Crawled caption data
[Start of Attachment]
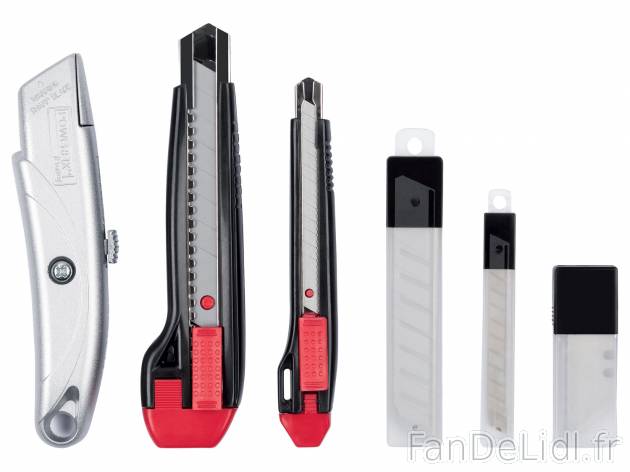 Set de cutters , le prix 2.99 € 
- Set de 33 : 1 cutter pour moquette, 1 grand ...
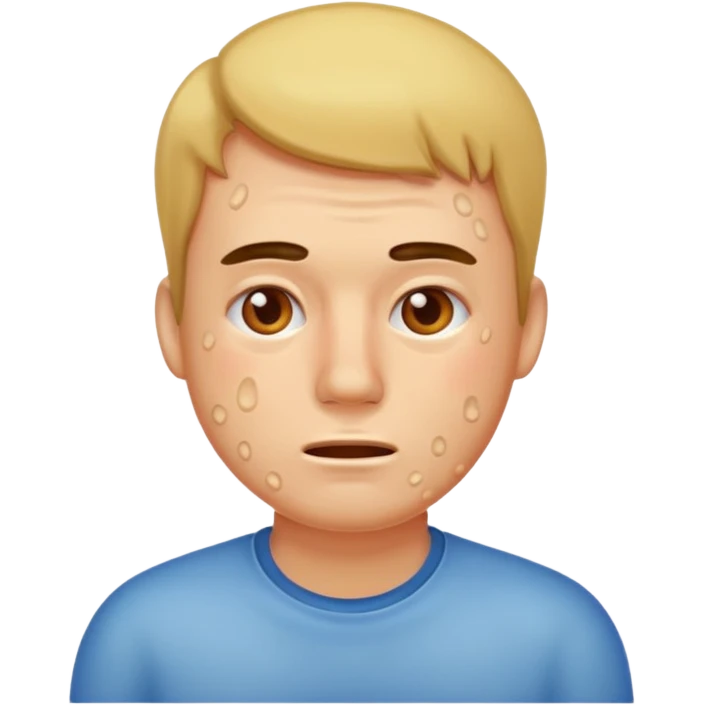 man with lots of acne emoji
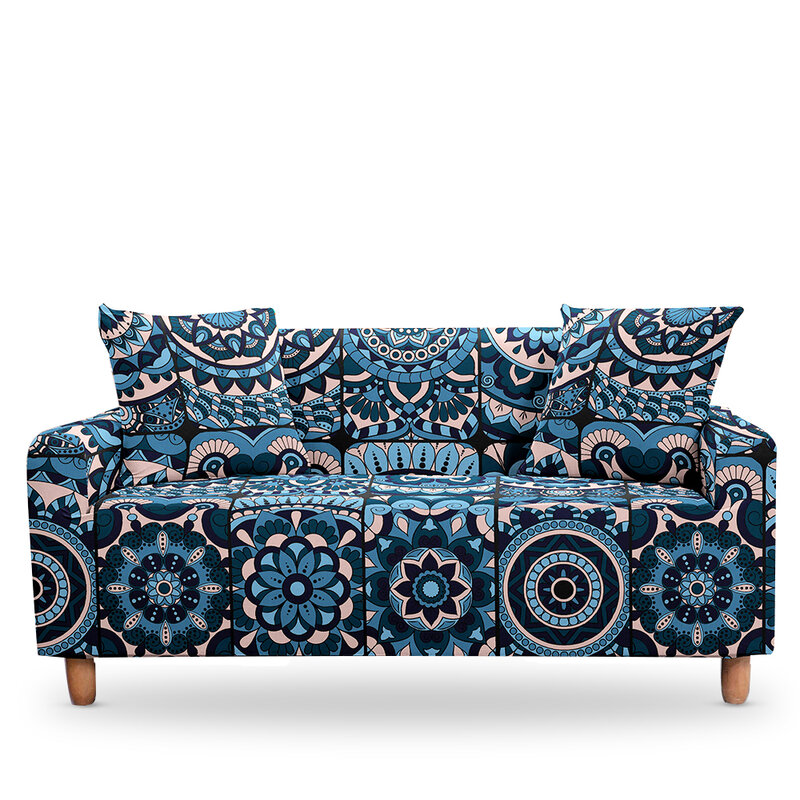 Housse de canapé élastique pour salon, protection de canapé pour 2/3 places, fleur de Mandala bohème pour canapé sectionnel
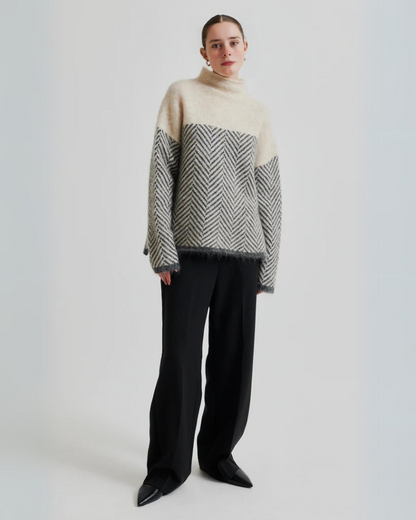 Herringbone Elegance Knitted Jumper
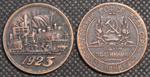Один полтинник (50 копеек) 1923 года РСФСР. Поезд. Локомотив. Копия монеты медь патина гурт гладкий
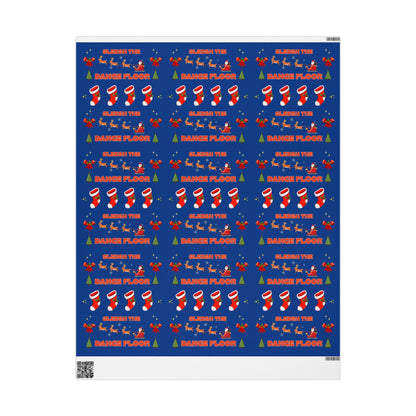 “Sleigh the Dance Floor” Christmas Wrapping Paper – Cute Retro Video Game–Style Holiday Gift Wrap for Dancers, Perfect for Dance Studios & Ballet Lovers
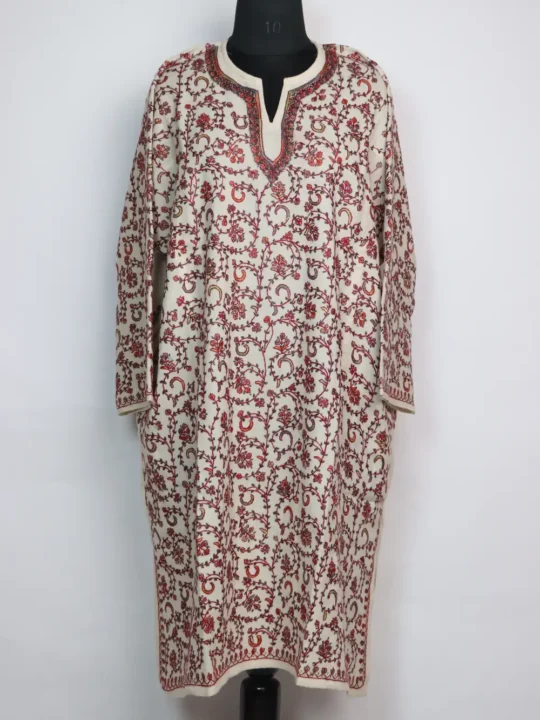 Nawal Loose White Pheran in Raffal Wool with All-Over Jaal Front Hand Sozni Work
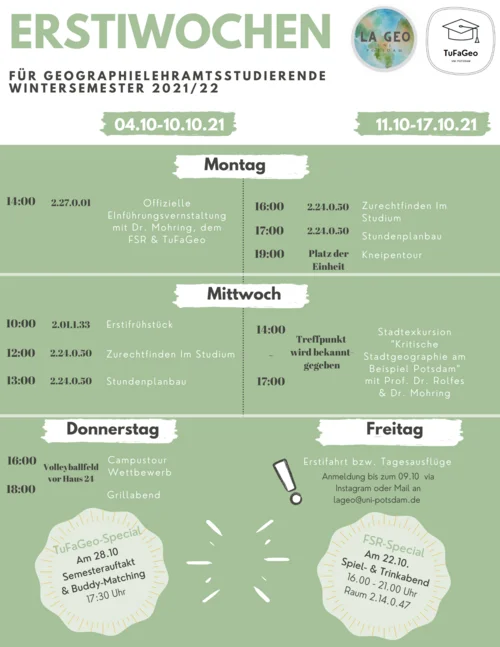 Plan für die Einführungswochen 2021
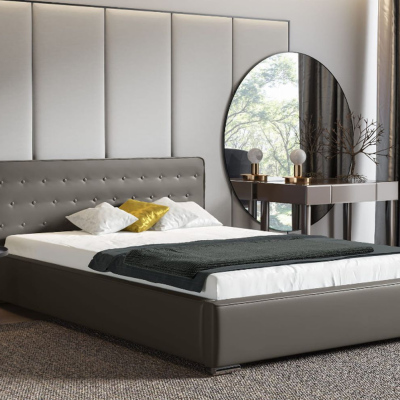 Moderní čalouněná postel s úložným prostorem 160x200 BERGEN - šedá eko kůže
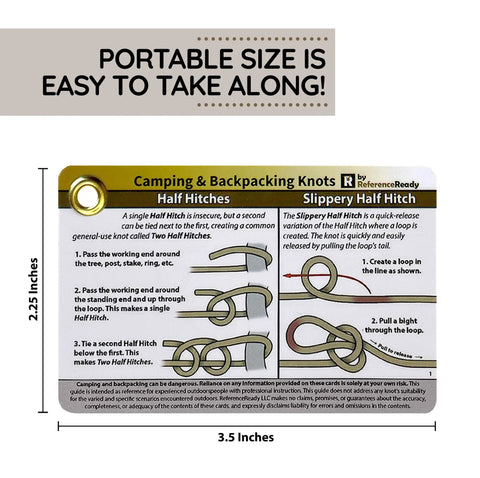 Outdoor Knot Cards 22 Knots For Camping Backpacking And Scouts Easy Step By Step Diagrams And Real World Tips shown on compact card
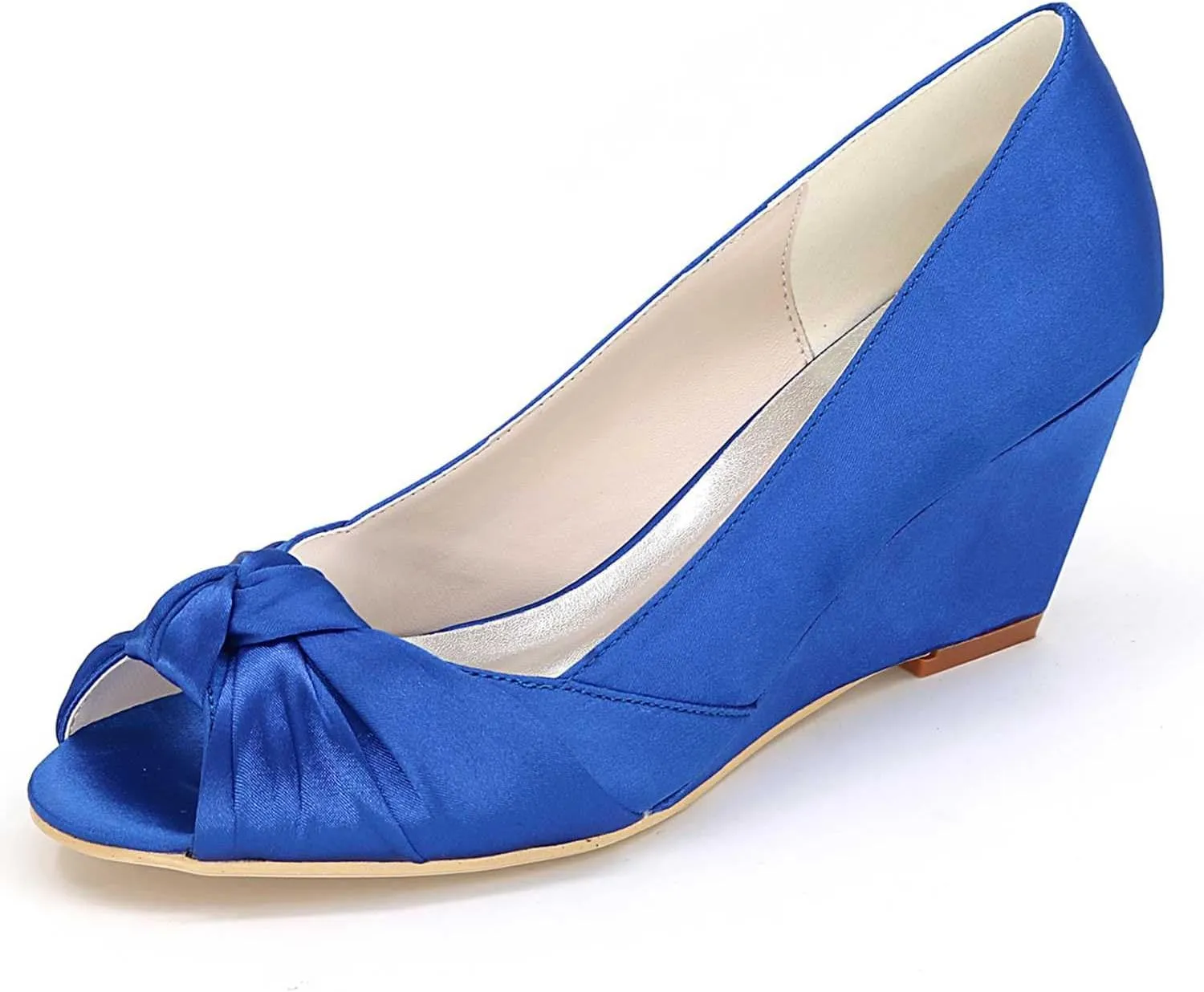 Women's Platform Wedge Heels with Open Toe - High Block Satin Bridal Shoes Perfect for Wedding, Party, Evening, Prom Dresses & Sandals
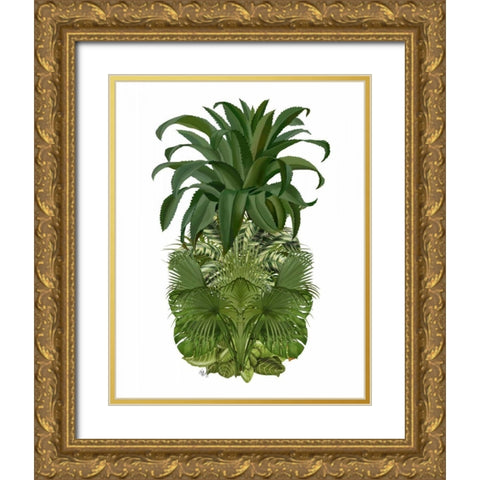 Pineapple, Tropical Palms, Green Gold Ornate Wood Framed Art Print with Double Matting by Fab Funky
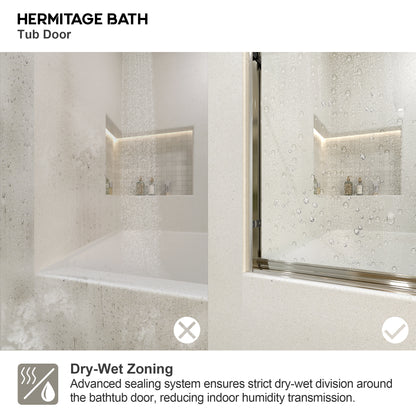 Lntano 60 in. W x 56 in. H Sliding Bath Tub Door in Semi Frameless with Clear Glass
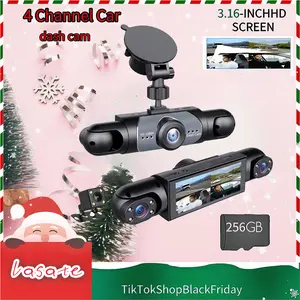 dashcam Multi-Channel Car Dash Cam with Night Vision 4-channel 1080P DVR 256GB Memory Card Video Surveillance System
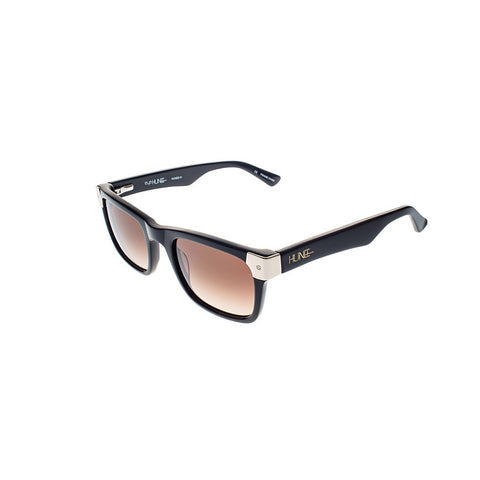 Shiny Black with Gold Tone Metal Wayfarers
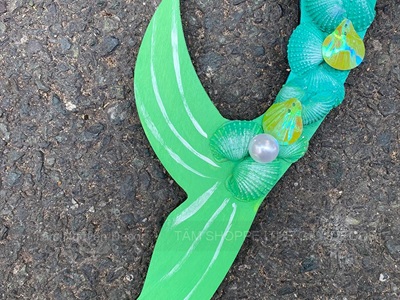 Mô hình Nàng tiên cá Handmade vỏ sò ốc [Bằng gỗ - 3 màu] KT53x14cm MOHINH-PCB-02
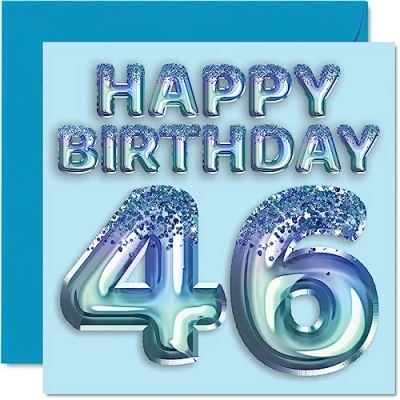 Image of 46th Birthday Card for Men Blue Glitter Party Balloon Happy Cards 46 Year Old Man Friend Dad Brother Uncle Cousin, 145mm x Forty Six Sixth Bday Greeting Gift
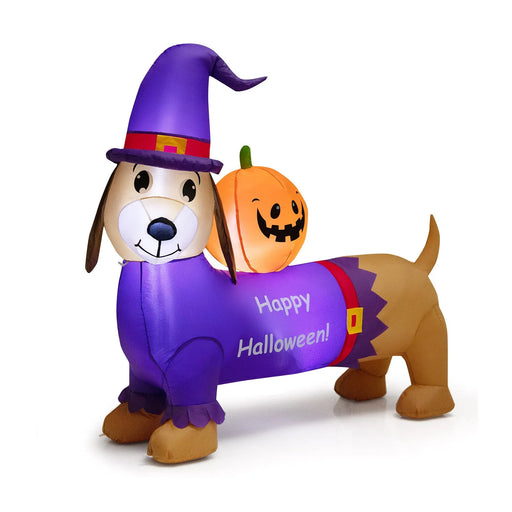 Halloween Inflatable Dachshund Dog with Pumpkin - Little and Giant Explorers Costway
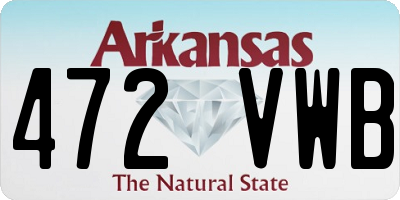 AR license plate 472VWB
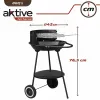 Coal Barbecue with Wheels Aktive Textilene 42 x 76,5 cm Black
[End of Attachment]
WORK TASK: Beginning with the line that contains "Halloween Inflatable Dachshund" and ending with the last line of the entries above, repeat each line exactly, but not the pictures.

ANSWER SECTION:
 Halloween Inflatable Dachshund Dog with Pumpkin - Little and Giant Explorers Costway
 AR license plate 472VWB
 Coal Barbecue with Wheels Aktive Textilene 42 x 76,5 cm Black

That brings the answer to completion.